What about the high correlation between sudden infant death syndrome in months 3 and 5, when infants are given multiple shots on well-baby visits? The CDC looked at the results and even though 40 percent of the deaths were SIDS, with another 30 percent “unknown causes,” the CDC declared this insignificant. Is anyone looking at this? Insignificant when half the deaths are possibly related to SIDS?

And then there’s the research done by the Italian firm Corvelva which has found many foreign substances in the MMR vaccine. Only recently, Corvelva published an article indicating Glaxo-Kline’s MMR vaccine contains aborted male DNA. Is anyone in this country looking into these findings? Why should the medical community be surprised, much less belligerent, when parents ask questions about these kinds of reports?

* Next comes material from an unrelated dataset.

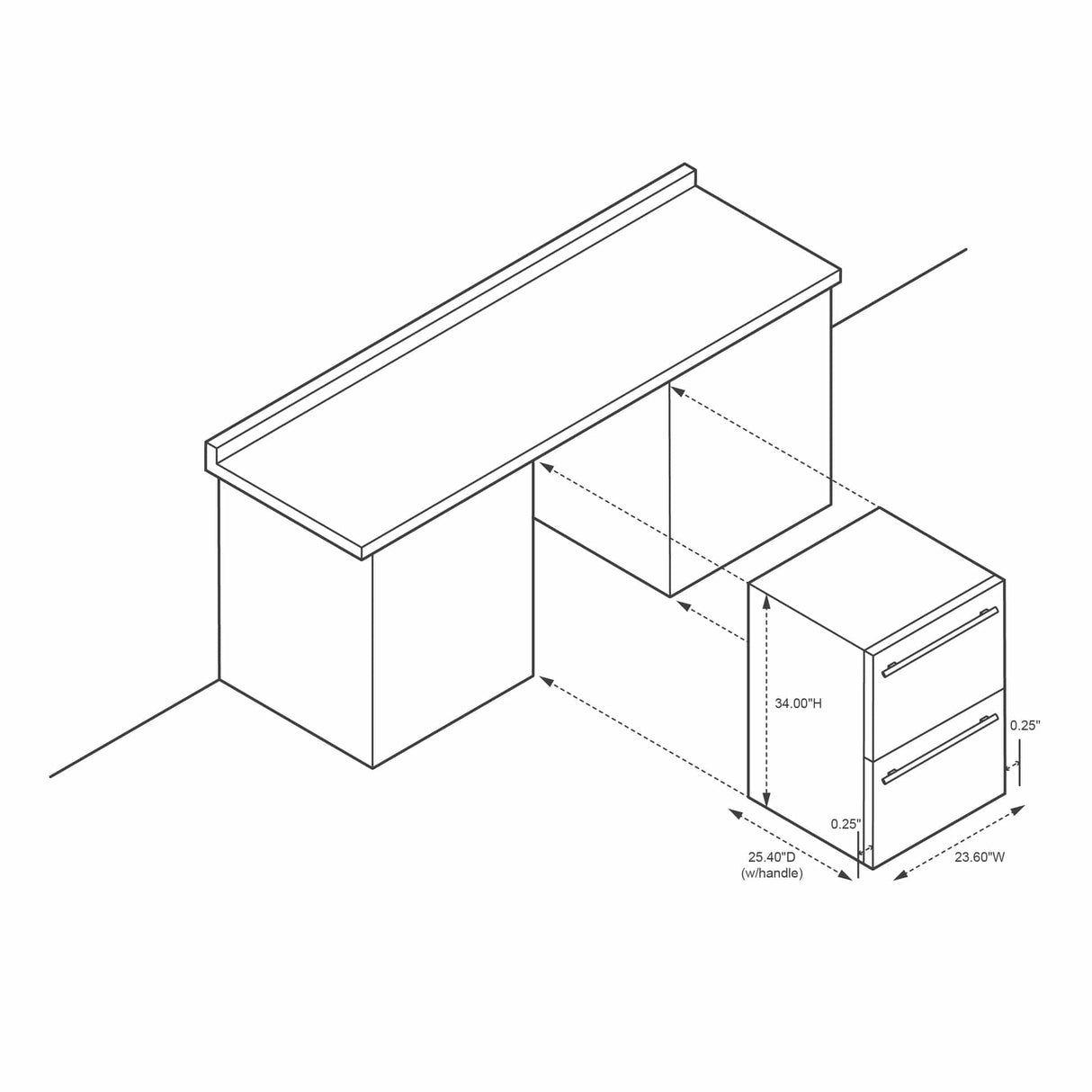 NewAir 24” Built-In 80-Can Dual-Drawer Beverage Fridge Beverage Centers NOF100SS00 Wine Coolers Empire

I am relieved to see that there are increasingly more moderate voices joining the discussion. Samuel Freeman, a pediatrician, suggests understanding parental hesitancy to vaccinate varies from parent to parent.

…efforts will not amount to much unless they go the way of true engagement, on a human scale. I’m talking about asking simple questions nonjudgmentally, opening spaces for conversation, moving out of our defensive crouches and relinquishing some of our received ideas.

Samuel Freeman
“I’m a Pediatrician. Here’s What I’ve Learned
About Why People Don’t Trust Vaccines.”
Huffpost, 4/16/2019.

 

We are finding more and more the human body is an amazing, extremely complex chemistry. With complexity, any small change brings about surprises no one anticipates. Some parents may refuse to vaccinate their children for reasons physicians believe are wrong, or misunderstood, or because parents are just plain mistrusting of the CDC. In truth, I don’t blame parents for their hesitation. I see chaos in the flu arena every year. But no one, the CDC included, can declare that there are no bad outcomes from these vaccinations they approve. The CDC has examined the many correspondences between vaccinations and numerous bad outcomes of all kinds in children and simply declared there is no relationship even when half the SIDS deaths occurred after third and fifth month vaccinations. Even though studies have shown that the fewer the vaccinations, the lower the SIDS rate. Those loudly bad-mouthing anti-vaxxers aren’t admitting, much less solving, the problems that have clearly been associated with vaccines. I listed a few issues here, but there are many.

Drop the autism mantra, stop ignoring the real questions, and avoid treating people like cattle. Quit trying to bully parents into vaccinating their children. Instead, address the problems with vaccinations that are abundantly covered in the literature instead of shooting the messenger.